Despite the recent improvement in the state’s unemployment rate, North Carolina’s economy is still experiencing only sluggish job creation, needing to generate 532,500 jobs just to return to pre-recession employment levels while keeping up with population growth. As a result, job creation should continue to remain a critical priority for our state’s elected officials, especially through the support of small businesses, one of the state’s key engines for long-term employment growth. Between 2005 and 2008, small firms with fewer than 100 employees on payroll created more than 80% of new private sector jobs.
Unfortunately, groups as diverse as the National Federation of Independent Businesses and the North Carolina General Assembly have reported a critical barrier to small business development—too many small businesses lack access to the financial capital necessary for expanding operations and hiring new employees. And nowhere is this shortage of capital more problematic than in the state’s lower-income communities, according to a recent report by the Support Center, a recently re-branded, nonprofit community development financial institution geared towards increasing lending to small businesses and long supported by the state budget.
According to the report, large-scale commercial banks (those with more than $1 billion in assets) account for the vast majority of loans made to small businesses, but at the same time, small business loans are making up increasingly small shares of these banks’ total asset portfolios. Moreover, these banks tend to lend to larger businesses, especially those in the state’s higher-income communities, and are significantly less involved in supporting smaller businesses (those less than 20 people) and those located in low-income communities. The numbers bear this out—the amount of investment by commercial banks is 250% greater in high-income neighborhoods than in low-income neighborhoods.
When seeking loans from traditional banks, many of these smaller firms, and particularly those in North Carolina’s low-income neighborhoods, lack both access to traditional lines of credit and—more critically—sufficient equity to put up as collateral, a necessity for securing most commercial bank loans. As a result, commercial banks are typically unwilling to take on the risk of lending to these businesses, which in turn hampers the ability of these firms to expand and create jobs.

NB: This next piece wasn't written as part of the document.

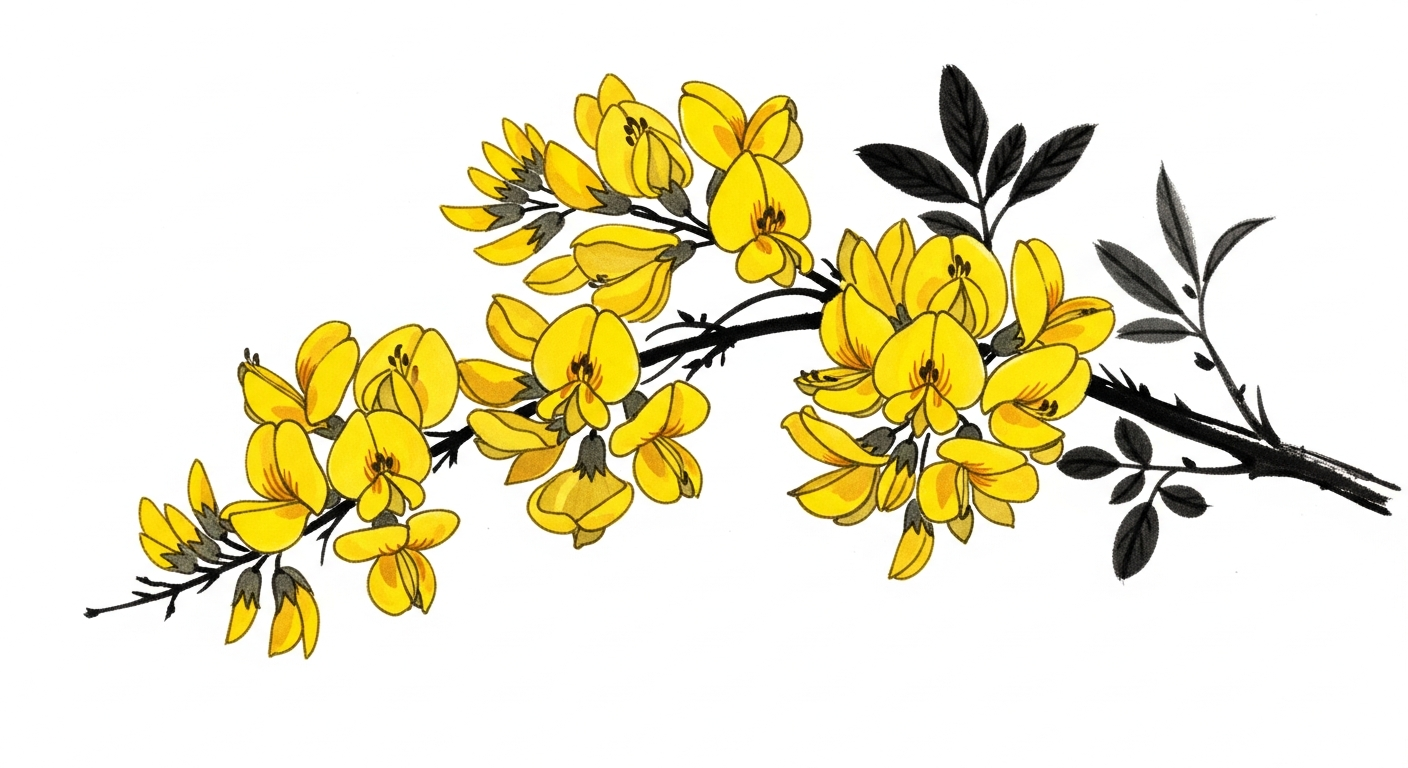 エニシダの蝶形花のアップ 墨絵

Community development lenders like the Support Center seek to fill the void left by commercial banks gap by taking on the greater risks associated with lending to very small businesses in the lowest income areas. Moreover, these community development lenders also provide technical assistance to these firms, helping build their capacity for better business development. According to the Center’s report, more than a quarter of community development lending occurs in low- and moderate-income neighborhoods, where otherwise access to traditional bank lending would be impossible.